**Scraped caption text data:**

===

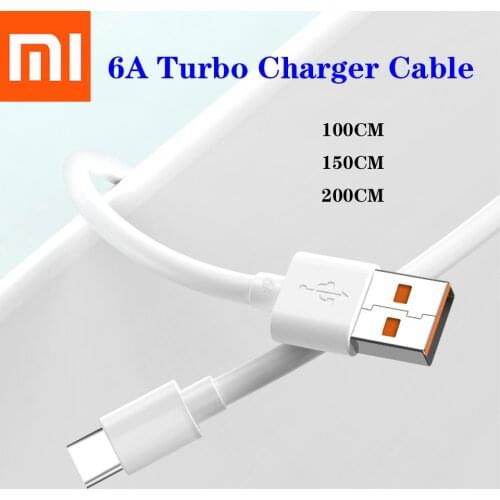 Original 6A USB Type C Xiaomi Cable Mi Charger Turbo Quick Fast Charging For Mi 11 Ultra 10S POCO M3 F1 F2 F3 MIX FOLD Redmi K40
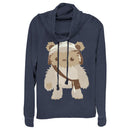 Junior's Star Wars Cute Cartoon Ewok Cowl Neck Sweatshirt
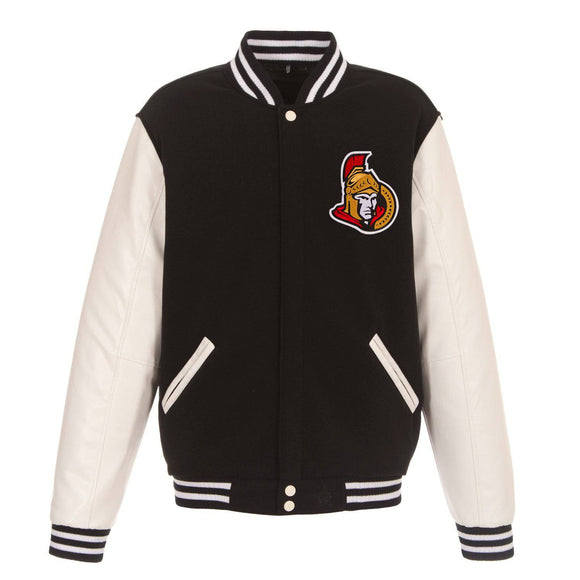 Ottawa Senators JH Design Reversible Fleece Jacket with Faux Leather Sleeves - Black/White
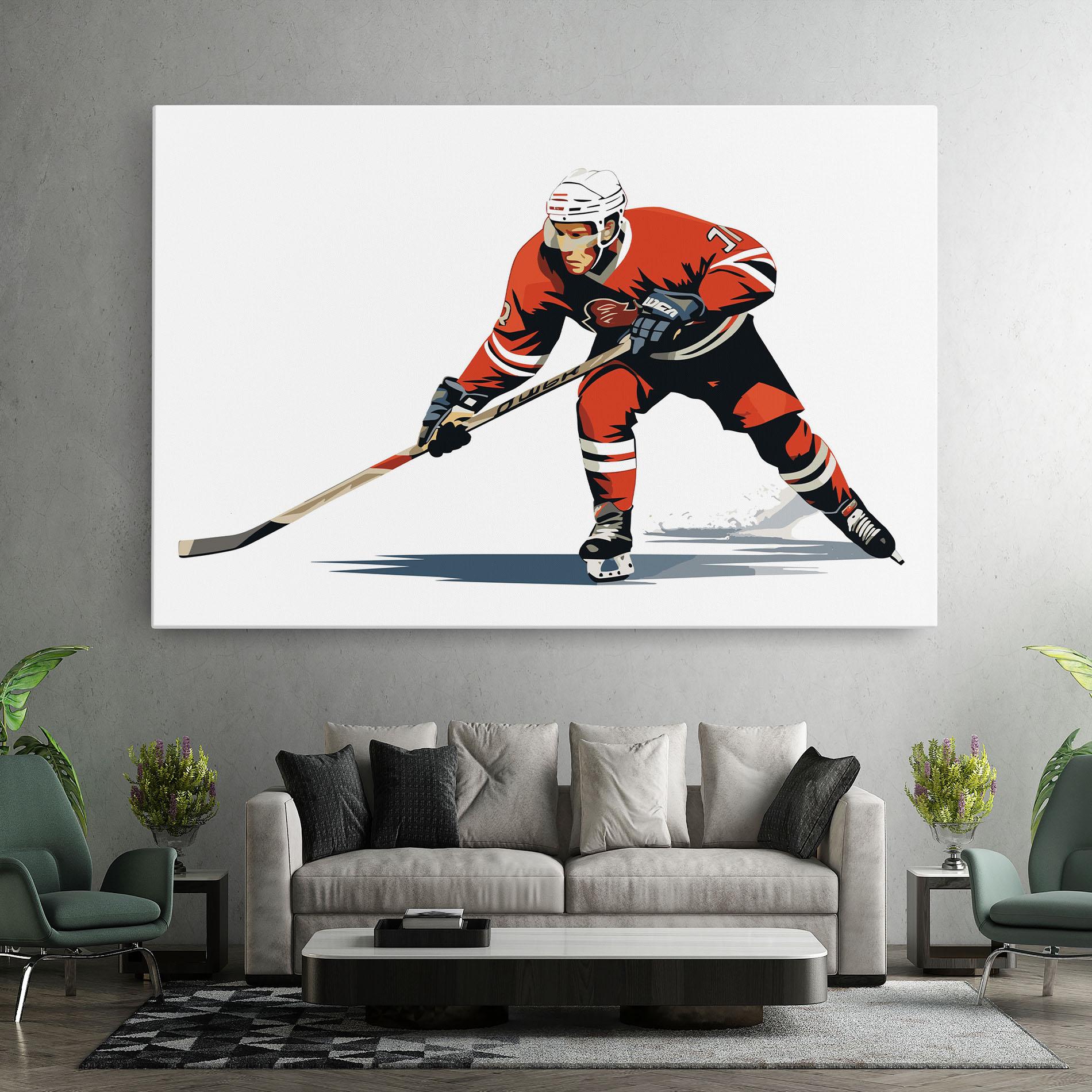 Картина на платно Hockey Orange Player mockup 7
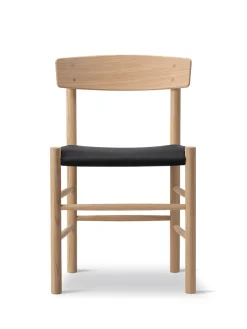 Fredericia Furniture J39 Folkestolen Sædepolstret, Cognac Læder af Børge Mogensen Discount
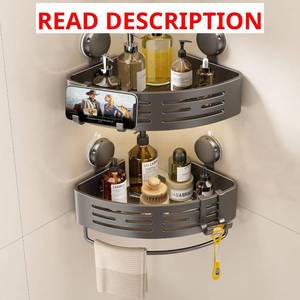 lot 2512 image: VOLPONE Corner Shower Caddy with Suction Cup, 2-Pack, Gray
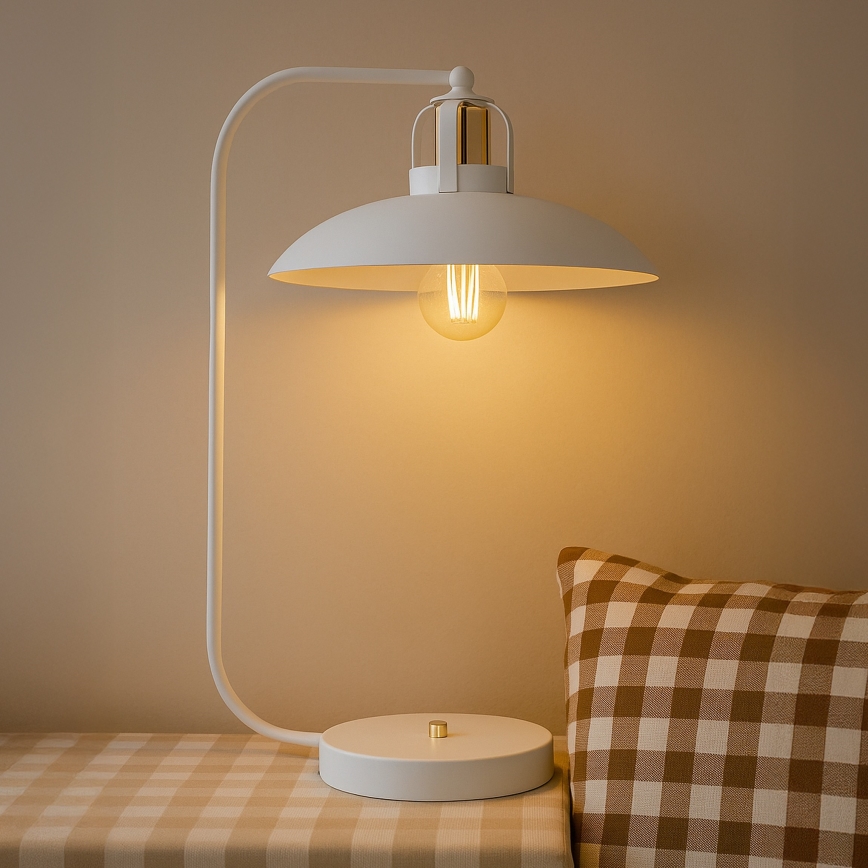 Bordslampa  FELIX 1xE27/60W/230V vit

===

**Requirement:**
Set down, word for word, the line that holds "lot 2512 image: VOLPONE" and all lines after it to the end of the entries above, but not the pictures.

**Problem solution:**
 lot 2512 image: VOLPONE Corner Shower Caddy with Suction Cup, 2-Pack, Gray
 Bordslampa  FELIX 1xE27/60W/230V vit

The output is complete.